Testing should not be the end of the process and a test that did not achieve expected results should not be viewed as a failure. This is an opportunity to make the DR/BC Plan better. There are no failures, just opportunities for improvement. Remember that the objective of testing is to ensure the continuity of business, safety of your people and restoration of your data in the face of a disaster. A failed test shows you what part of the plan did not work, so you can improve that part to ensure success in an actual crisis.
So how do you execute an objectives disaster recovery test? It is a process:
- Dissemination of the scenario
- Declare the disaster
- Implement mock recovery activities
- Monitor the progress
- Document the work performed, timing and problems encountered
- Orderly completion of the test and documentation of the results
- Immediate analysis of the results
Disseminate the scenario. No surprise testing, tell the participants of the test the scenario of the test. What objectives are you testing and how are you going to conduct the test.
Declare the disaster. Inform the whole organization that disaster recovery testing is being performed. At time to start the test, declare the disaster has occurred and kick off the testing procedures.
Implement mock recovery activities. Any activities that cannot actually be performed can be mocked. If you are not bringing in actual replacement servers, you can actually send someone to retrieve off-site data backups. This will verify they know where to go to retrieve them and that they have access to them. There is nothing worse than to have one or two names on an access list to your off-site storage and those one or two individuals not be available.
Monitor and document. Monitor activities, verify everyone knows their duties and performs them in proper order, if needed. Do not allow auditors to interfere or interact in the process. Do not allow by-standers. Hand them a clipboard and have them document activities. Document the work that is performed, timing of such and the results of the work, including any issues that resulted.
Orderly completion of the test and immediate analysis. Call an end to the test. Gather the participants in a conference room and immediately document and analyze the results. Do not allow people to rethink steps, or think what they should have done. Do not allow for lapse of memory before documenting the results. Analyze what actually happened during the test. Document the results of the test for management.
Now go back to the Disaster Recovery Plan and see if it needs revised due to the results of the test. Then begin preparation of your next test. Remember to test only a subset of objectives. Test regularly and on a schedule, having all objectives tested annually. Testing should occur after any significant change in business or infrastructure; and make allowances for re-testing in your schedule.

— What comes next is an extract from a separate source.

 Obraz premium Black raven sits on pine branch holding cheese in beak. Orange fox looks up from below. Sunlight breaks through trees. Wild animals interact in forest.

Keep in mind that an effective Disaster Recovery Plan is not just an IT solution, it is an IT business solution to an issue that every business faces. Only 50% of organizations even have a Disaster Recovery/Business Continuity Plan. Of those, fewer that 50% do any kind of testing of the plan, which in effect is like having no plan at all. Today, with growing organizational dependence on information technology strategy, systems and TI solutions; the potentially devastating impact of man-made and natural disasters on business processes and finances, and employee well being is now greater than ever. It is estimated that up to 80 percent of companies without a well-conceived and tested business continuity plan go out of business within two years of a major disaster. Make sure this doesn’t happen to your business.